Regular readers will not be surprised to know I am a big fan of this idea. Indeed, I wrote an a short article on this very topic nearly a decade ago, titled Encouraging (and Even Requiring) Prosecutors to be Second-Look Sentencers, 19 Temp. Pol. & Civ. Rts. L. Rev. 429 (2010).

August 2, 2019 at 06:23 AM | Permalink

Comments

In my experience, having watched this very concept in action, is that the cases that are brought to the attention of this essentially “super parole board” are sometimes through connections which calls into serious question the equity of the system. Additionally, the mindset that goes into these reviews is nearly exclusively a moralistic arrogance over the persons who made decisions in the past. That kind of thinking is dangerous. We should be making decisions based upon the law and fact, not perceived superiority of wisdom.

Finally, these review units feed on the good feelings that we get when we exercise mercy. Of course, the only reason (in Ca) these prosecutors have the power to exercise mercy in otherwise final cases is because they have asked the legislature for that power. It’s like printing money. Frankly, the diversion of resources from current pending cases is unwise. These decisions should be left to the parole board or clemency system, not prosecutors.

Posted by: Eric | Aug 2, 2019 9:45:01 AM

While I knew James when he was a law student, this proposal unfortunately is the nation-wide one-size fits all proposal (unfortunately also sometimes seen from the ABA) that ignores the different ways that states structure their criminal justice system.

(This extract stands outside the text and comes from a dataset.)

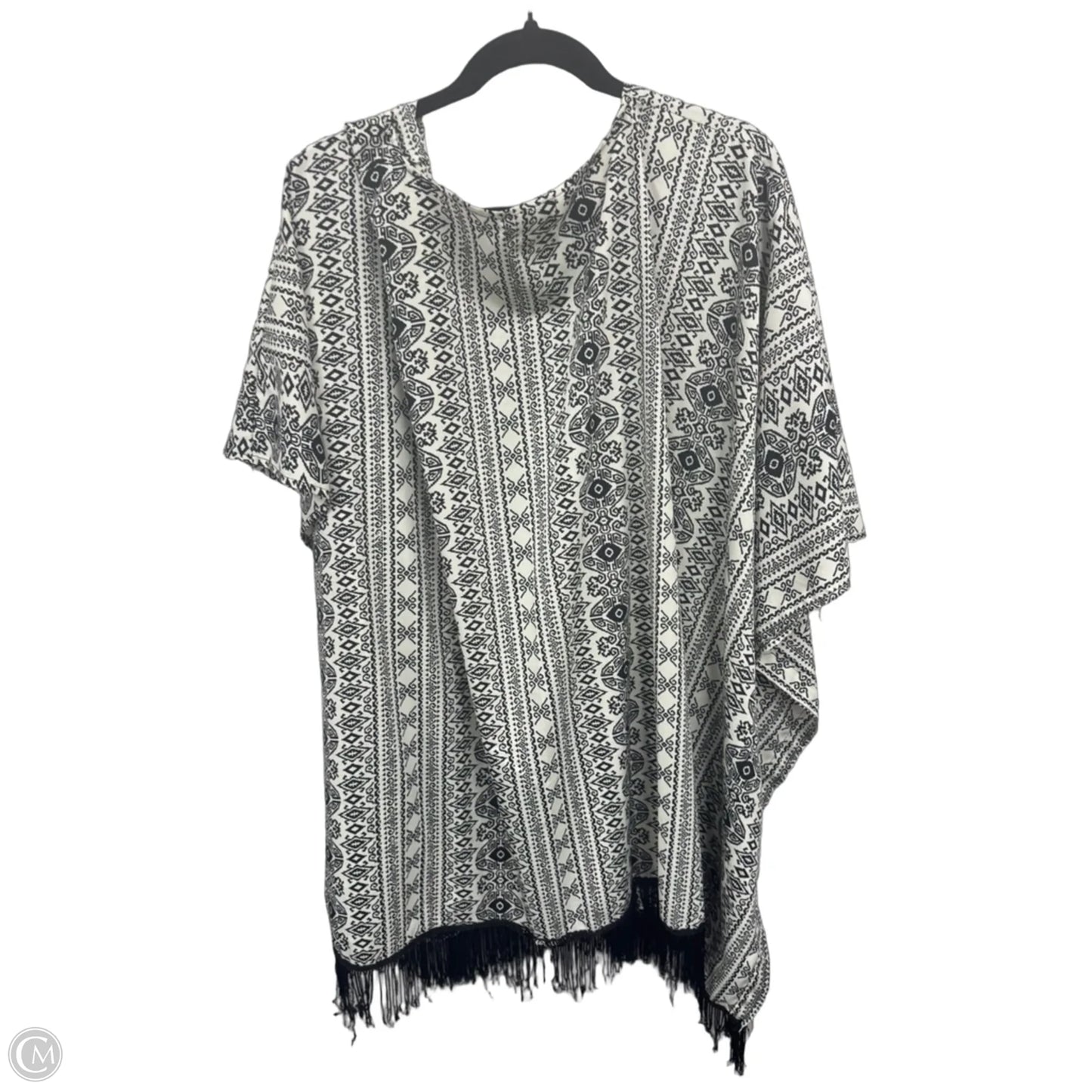 Cardigan By Avenue In Black & Cream, Size: Osfm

In many states, the role of the local prosecutor in a case ends at a certain point in the case (maybe immediately after sentencing, maybe after the initial collateral review). At that point, all control over the case shifts to the Attorney General who handles all subsequent challenges to the conviction and sentence. In those states, there is no mechanism by which the local prosecutor could change the sentence even if the local prosecutor wanted to.

Rather than assuming that the prosecutor has the power to change the sentence, the better proposal would be to have states establish a sentence review mechanism (other than the power to grant parole or the power to commute) regardless of which agency has that responsibility.

Posted by: tmm | Aug 2, 2019 10:55:02 AM

I'm sorry, what institutional incentive is there for prosecutors to open up such units? This proposal may be sensible, but highly idealistic. I wish the authors would have spent more addressing how, realistically, DA's can be incentivized to create these units.

Posted by: sacamanow | Aug 2, 2019 6:58:24 PM

One practical problem for a "sentence review unit" is that it would violatesthe state constitutional separation of powers doctrine in at least a few states: the reduction of a final sentence is equivalent to the power of commutation, and the power of commutation is reserved exclusively to the governor. See People v. Herrera, 516 P.2d 626, 629 (Colo. 1973) (collecting cases from Michigan, Mississippi, North Carolina, and Texas).

That said, there's nothing preventing district attorneys from supporting applications for clemency made by persons serving outrageous sentences. It's just that district attorneys are often elected officials, and advocating for the release of inmates is perceived as something that might hurt one's chances for reelection.

Posted by: MBC | Aug 2, 2019 6:58:45 PM

I suppose a county attorney could establish an internal sentencing review panel in order to reduce the chances of a costly appeal. I suppose they could also add external reviewers to the panel as well. Anything that will reduce the case load can help ameliorate the problem.